Selvin Watch: Get Thee a Fact-Checker The Chronicle's Joel Selvin is on autopilot again. On Monday, Oct. 6, Selvin wrote that Boz Scaggs' extended run at the Fillmore presented a "rare opportunity" for fans to give his music "close-up scrutiny." If only Selvin adhered to his own advice. Instead, Selvin's live review was yet another dust devil of misinformation. For starters, Scaggs was born in Ohio; that makes San Francisco his adopted city, not his hometown, as Selvin wrote. Selvin said that Scaggs debuted in 1970; that particular album, Boz Scaggs, was released in 1969. (Scaggs actually recorded his debut in Europe a few years earlier, and in the interim recorded with Steve Miller.) Next up, Selvin credited Junior Parker with "Drivin' Wheel"; piano bluesman Roosevelt Sykes wrote the tune. Wait, there's more. Selvin claimed the 1994 album Some Change ended Scaggs' "previous 10 years off the boards," which is true if you don't count 1988's Other Roads (we don't). For some reason, Selvin never mentioned the impetus behind the Scaggs concert series: The day after Selvin's review, Columbia Legacy released a nice big box o' Boz called My Time. It contains plenty of dates and songwriting credits in the copious liner notes. If Selvin can't get his own copy, Riff Raff will gladly sacrifice its own (in the interest of accuracy, of course). (J.S.)

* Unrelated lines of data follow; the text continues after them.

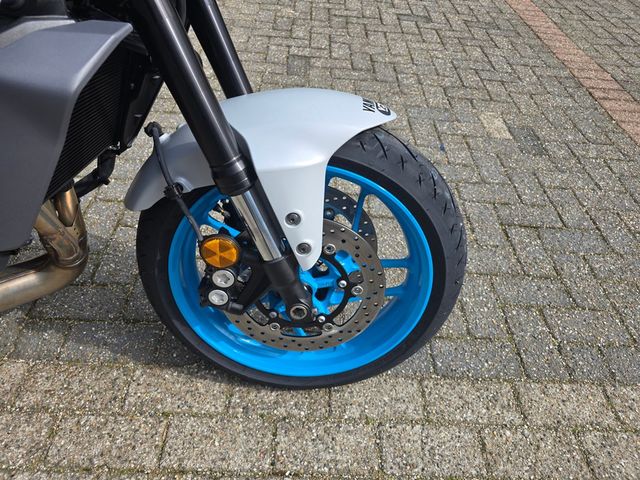 yamaha - mt-09-y-amt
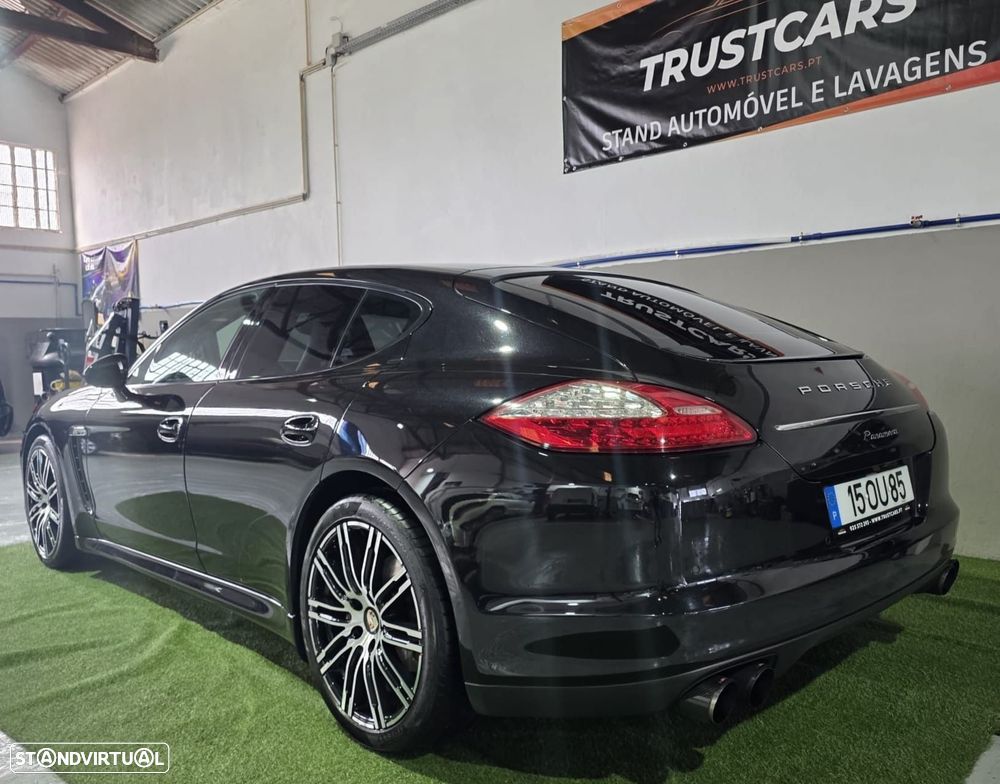 Porsche Panamera Platinum Edition - 3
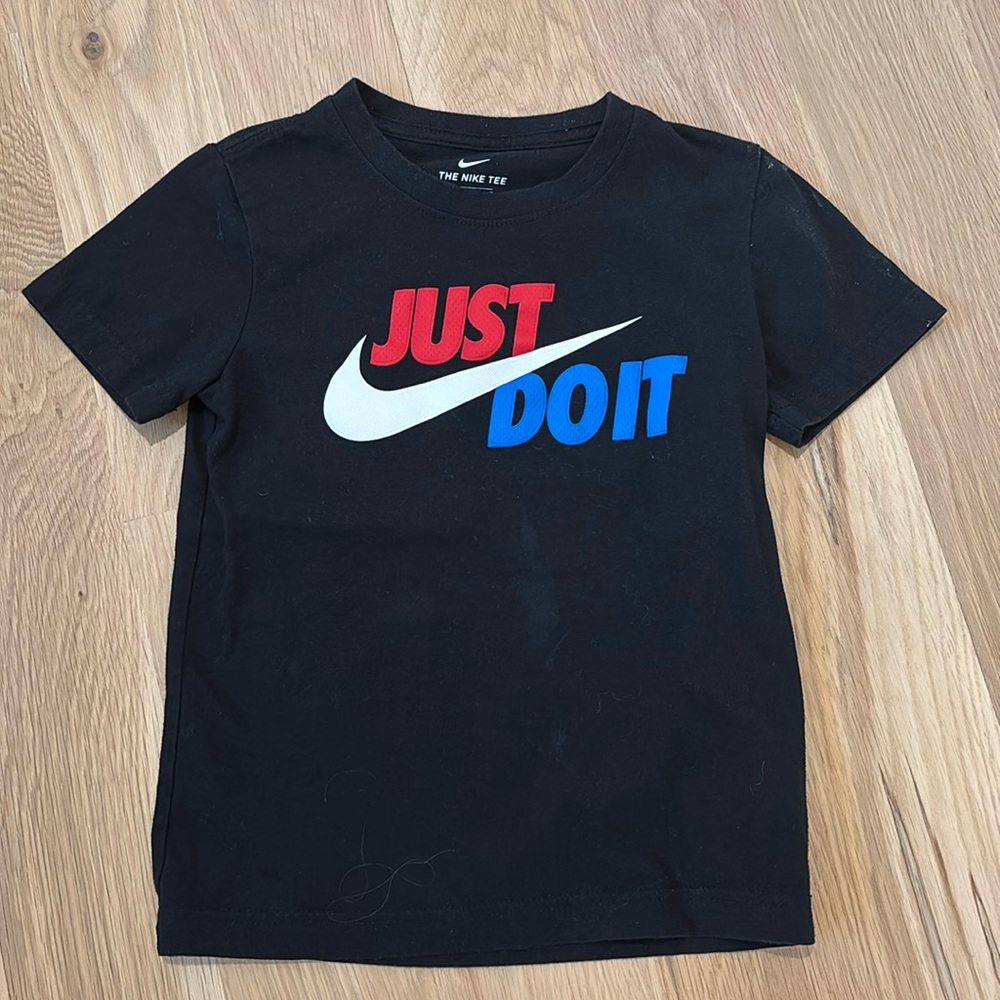 Boy Nike Tee -size S (5-6)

Fly Paper When it comes to chronicling hip-hop culture in the Bay Area, no one does it better than 4080 magazine. Publisher and Editor in Chief Lauchlan McIntyre has blown it up to the phat, full-color monthly rag it is today from the one-page, black-and-white trade journal it was in 1992. This month marks the fifth anniversary of the magazine, and 4080 will celebrate in full hip-hop style: beer, blunts, and, of course, beats. Alkaholiks, Beatnuts (bet on hearing "Psycho Dwarf"), Hieroglyphics, and Jamalski will all wish the magazine a hearty happy birthday. To be a part of the celebration, grab a 20 and a 40 ($20 for the door and a 40-ounce for the head) and stumble down to the Maritime Hall on Thursday, Oct. 16, by 9 p.m. (R.A.)
Pop Watch! The Apples in Stereo and the Olivia Tremor Control play a free, semiacoustic in-store at 2 p.m. on Saturday, Oct. 18, at Mod Lang, 2136 University (at Shattuck), in Berkeley. (J.D.P.)

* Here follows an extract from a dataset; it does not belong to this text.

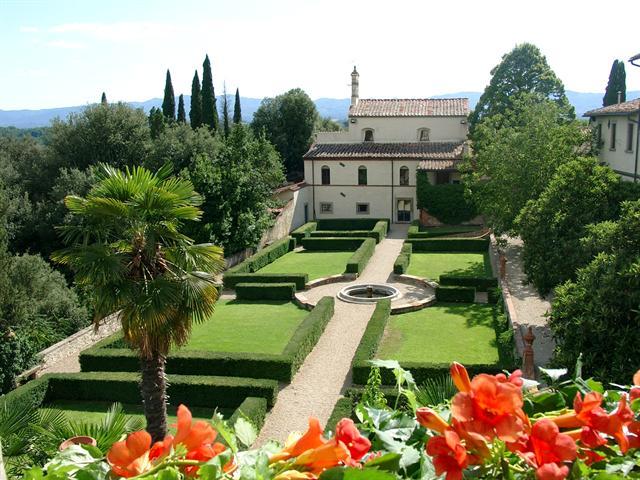 Villa con corte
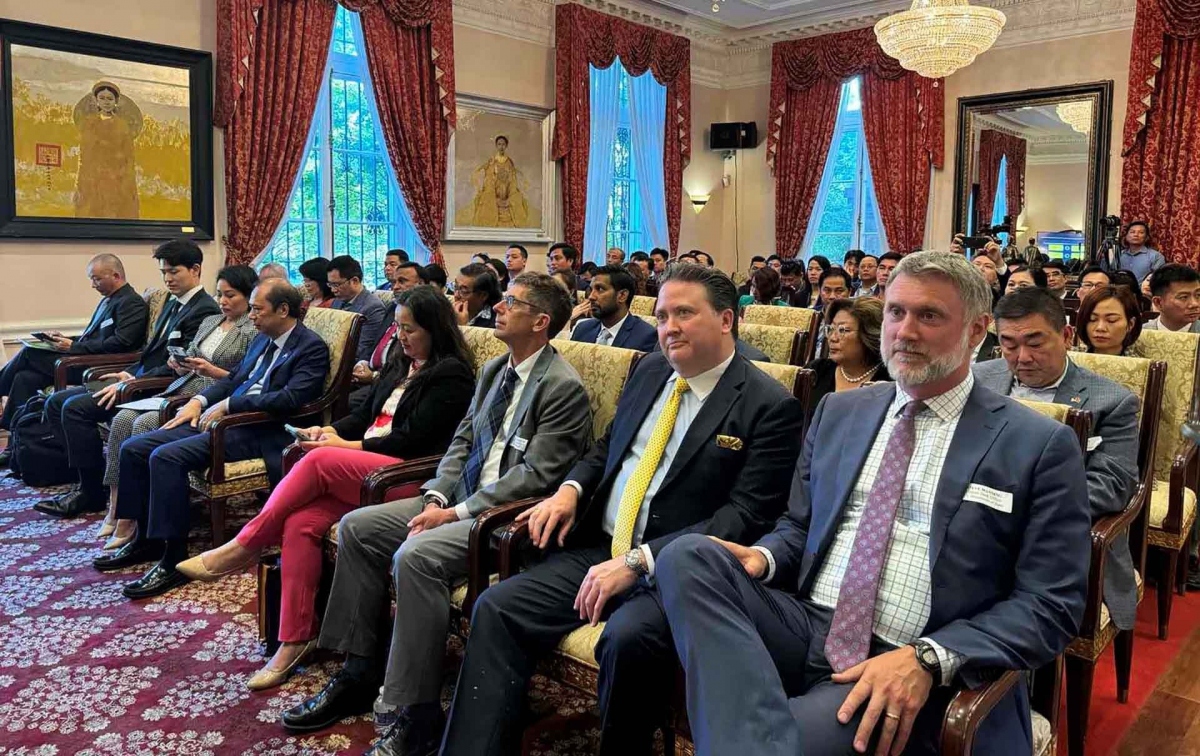 Officials and businesses of Vietnam and the United States attending the exchange.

Modern Rock Redux UC Berkeley college radio station KALX-FM (90.7) announced last week that it plans to use the proceeds of its impending on-air fund-raising drive to buy alternative radio giant Live 105 for $30 million. Now, as regular readers of this column know, Riff Raff loves a good hoax, and we laughed like chuckleheaded idiots at the station's phony press release. But there is a point here. Music Director Lawrence Kay says KALX, which began broadcasting on Halloween in 1967, really is doing an on-air fund-raiser Oct. 24 through Nov. 2, and really will try to raise $30 million. ("Why not?" says Kay. "You never know. Millionaires could be listening. ... Ted Turner's giving away money these days.") Kay says KALX already has an agenda for the hostile takeover. "We would deprogram the [Live 105] DJs so they don't sound so boisterous all the time," he says. And KALX will nix the Live 105 slogan "You heard it here first," because KALX listeners know they heard "it" on the college station several years earlier.
Kay says KALX isn't confining the playful nastiness to press releases; the station is already running special recorded spots that incorporate the buyout theme. "We've got one where a Live 105 DJ says, 'And now, another exclusive from Live 105,' and then you hear the KALX DJ knocking on the door and saying, 'Hey can we have our record back? We're doing an oldies show.' "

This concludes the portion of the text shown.